Sue ‘em, then Deal ‘em. Part Deux

Startups interested in anything media/entertainment sit in this unfortunate purgatory. No one will do a deal with you until you are huge. You get huge by enabling people to do things they couldn’t do before… which usually means bending/breaking/discovering the law.

Mr. Cohen has hit the nail on the head on this one, in his post on the Universal Music vs YouTube clucking. I quote:

Have a good idea for a business employing music? Try to be reasonable and ask for permission? You won’t get it. You’ll spin your wheels, wasting time and money, and eventually be forced to go out of business, or launch on such a limited, hamstrung basis, that you’ll end up with a site/service that no one wants to use….

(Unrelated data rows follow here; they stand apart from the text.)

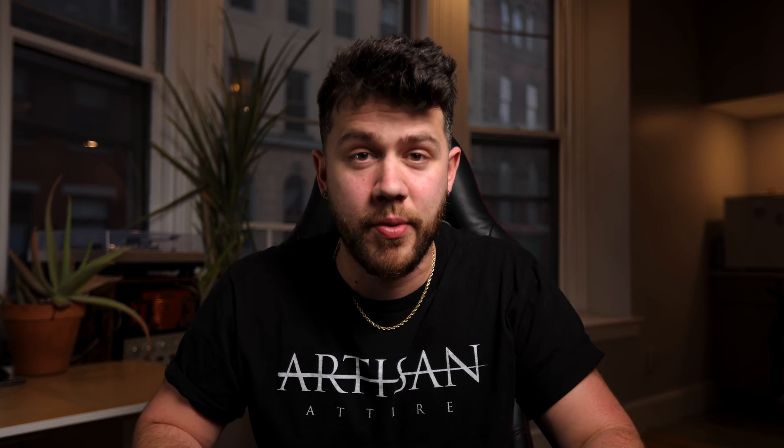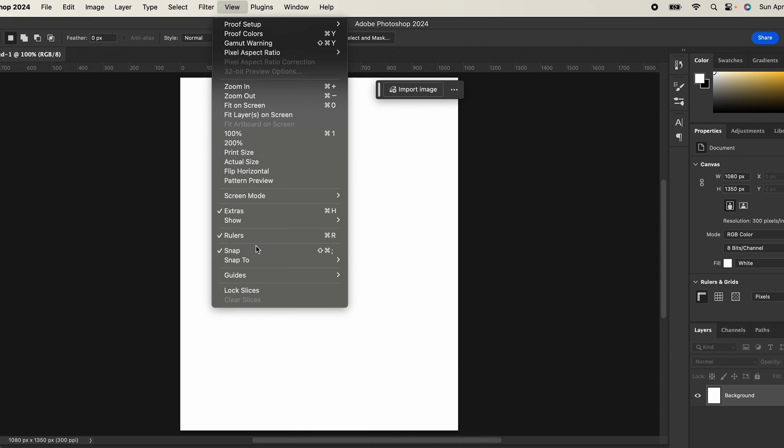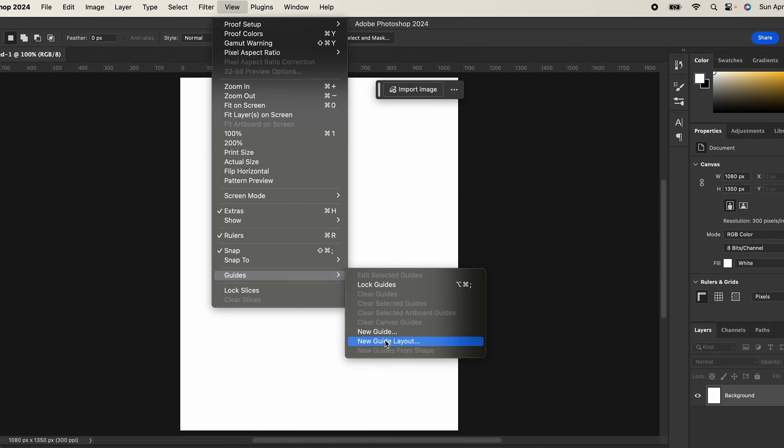Let's get to the whole point of the video: showing you guys how to do this triple stacked effect. You're going to want to open up Photoshop, open up a new document at 1080 by 1350. Once you have that new document open, you're going to want to go to View, Guides, New Guide Layout.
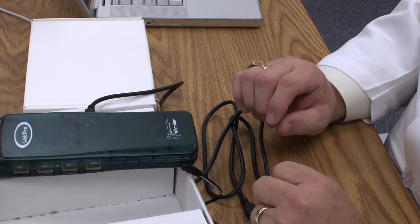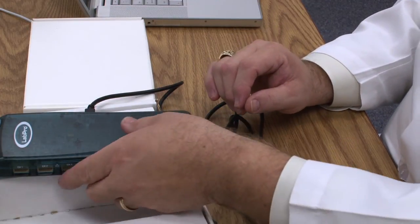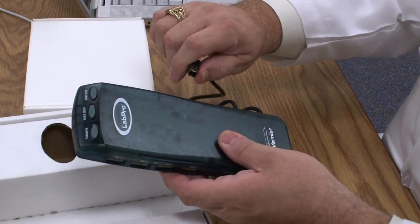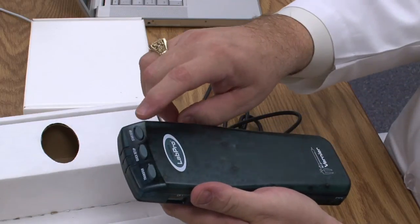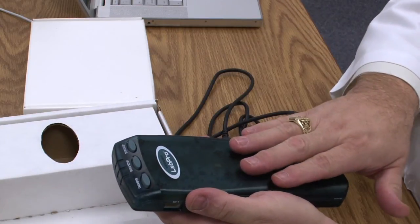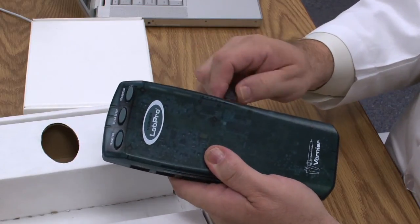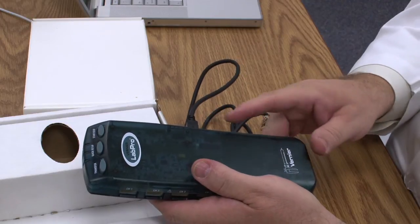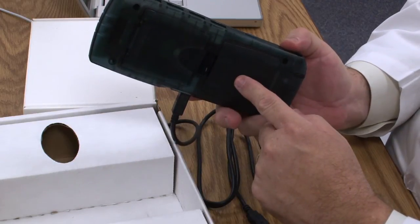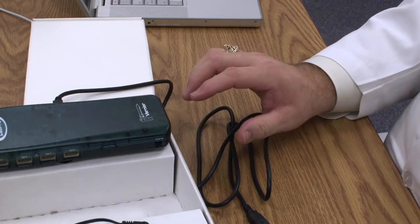There are situations where you might want to collect data not connected to the computer. The LabPro is designed to allow you to disconnect it from the computer, take it into another environment, hit the start-stop button, collect data, come back into your lab, reconnect the computer, and download the data. In that case you'll need a set of batteries, but for most of what we're going to use this for, the power adapter is what we want to use.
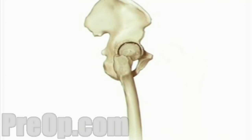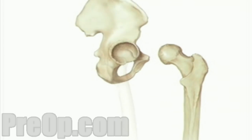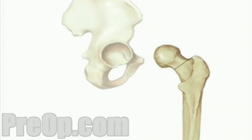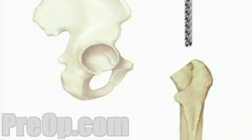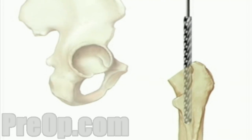Next, the team pulls the top of the thigh bone out of the hip socket. Using a precision surgical saw, your doctor will carefully remove the ball-shaped end of the thigh bone. Then, the surgical team will use a high-speed drill to hollow out the top of the thigh bone.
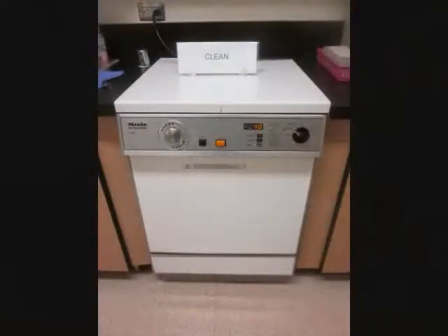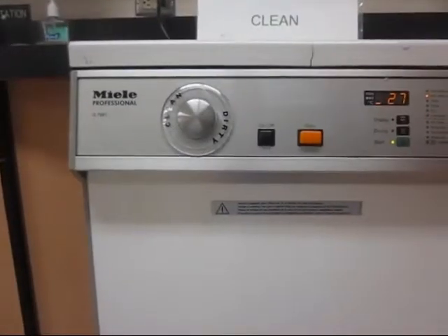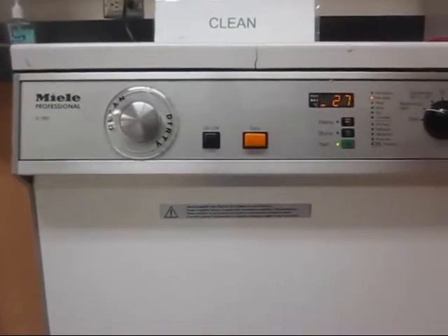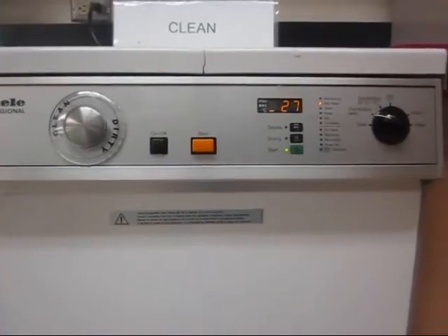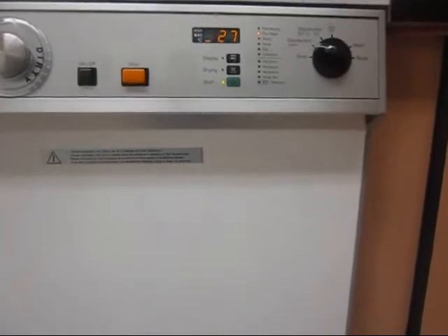The Miele G7881 Disinfector. This marvel of German engineering is equipped with sound dampening insulation, quad filtration, and a stainless steel finish. The multi-spray design is capable of shooting over 100 gallons of liquid per minute, and is equipped with four unique dispensing mechanisms for detergents and rinsing.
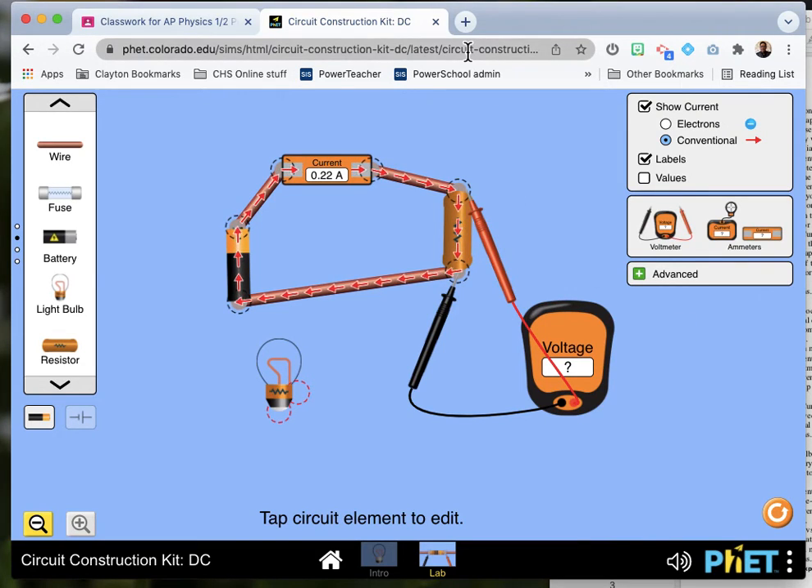So there's your brief and kind of rambly primer on how to use this simulation. Bye.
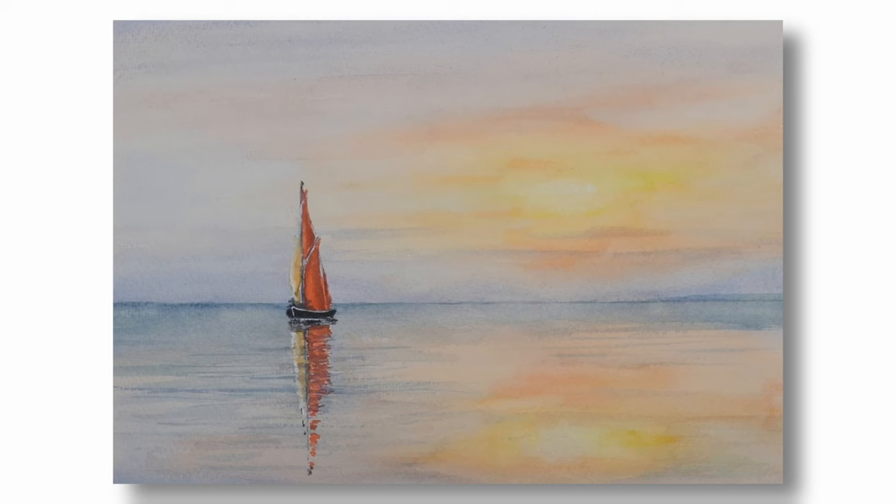Hello and welcome to Think Watercolour. Today's demonstration is a quick sketch of a Thames sailing barge returning home at sunset. This is a totally imagined scene and I thought the red sails would make a pleasing complement to the yellow sky. I rarely paint sunsets but I was asked to show how I would go about it, so here goes.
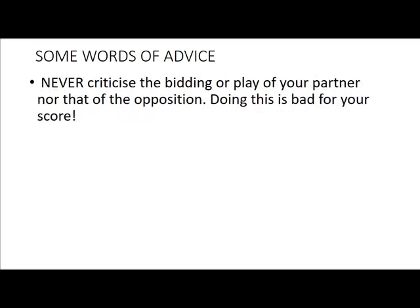My final bit of advice, possibly the most important, is to never, ever criticise the bidding or play of your partner, nor that of the opposition. It's actually bad for your bridge score. It's actually quite rare for any bridge player to admit that they criticise their partner — they say they are teaching their partner, because how else will they learn? Well, we've dealt with that. They are definitely not doing any teaching. They are criticising.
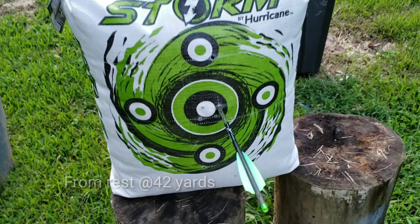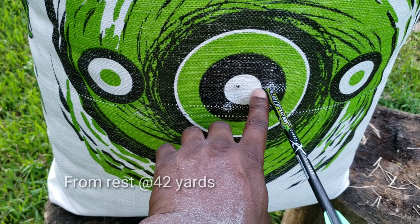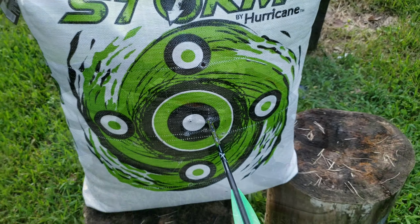You got a second shot, boy. All right, so, you know what I'm saying? We still in there, though. I ain't right there, but still, that ain't even an inch off. That's actually 42 yards, baby.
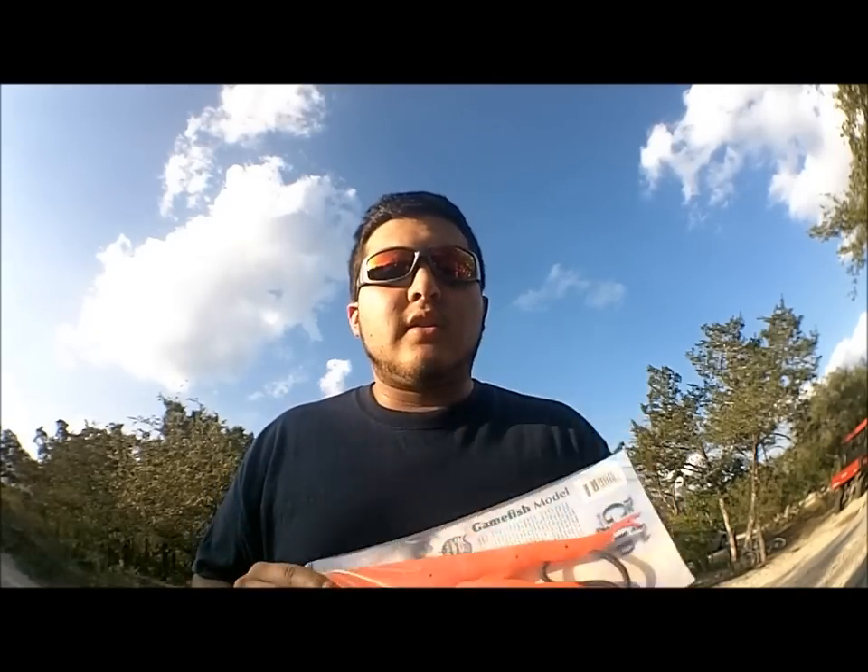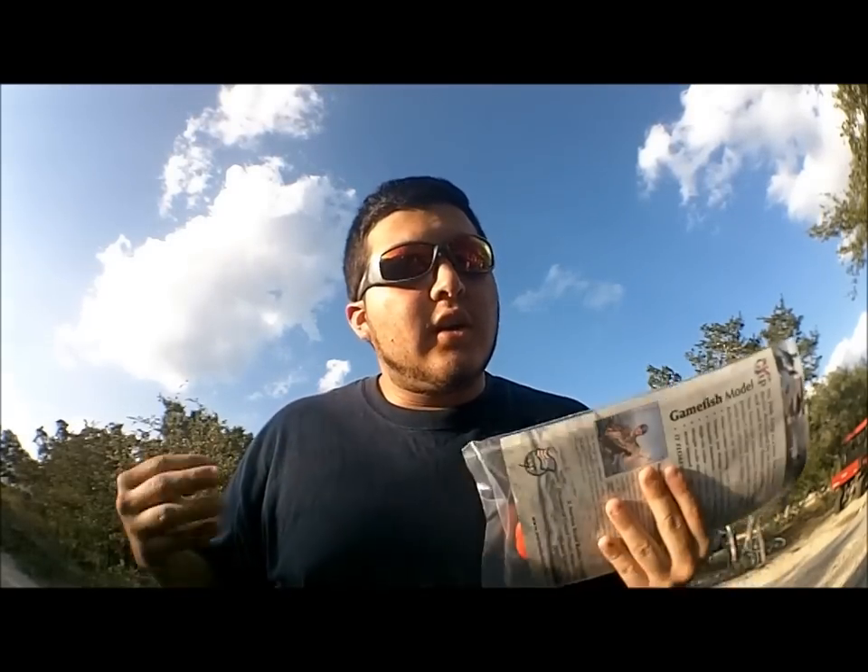This is a great alternative to not having to break into your piggy bank to buy a Boga grip — you're going to spend over $100 on one of those easily. This is a lot more inexpensive, it's made of durable plastic, it's not going to break on you easily, and you can drop it in the water and it's going to float. It's soft plastic, so it's not going to hurt the fish inside its mouth or cause hemorrhage, which can later cause the game fish to die in the water.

So act brazenly, steal with impunity. Maybe, like the principals of Hummer Winblad, you’ll be sued personally for your efforts, but you’ll go down in the history books as bringing the future to the people, as pushing the envelope, as doing a good thing.

Without Napster, there’s no iTunes Music Store.

Without the Rio, there’s no iPod.

Don’t ask! Hell, record execs are too busy in marketing meetings figuring out how to get their wares placed in the few existing slots on radio so they don’t get fired to pay attention to your wacky idea until it gets traction.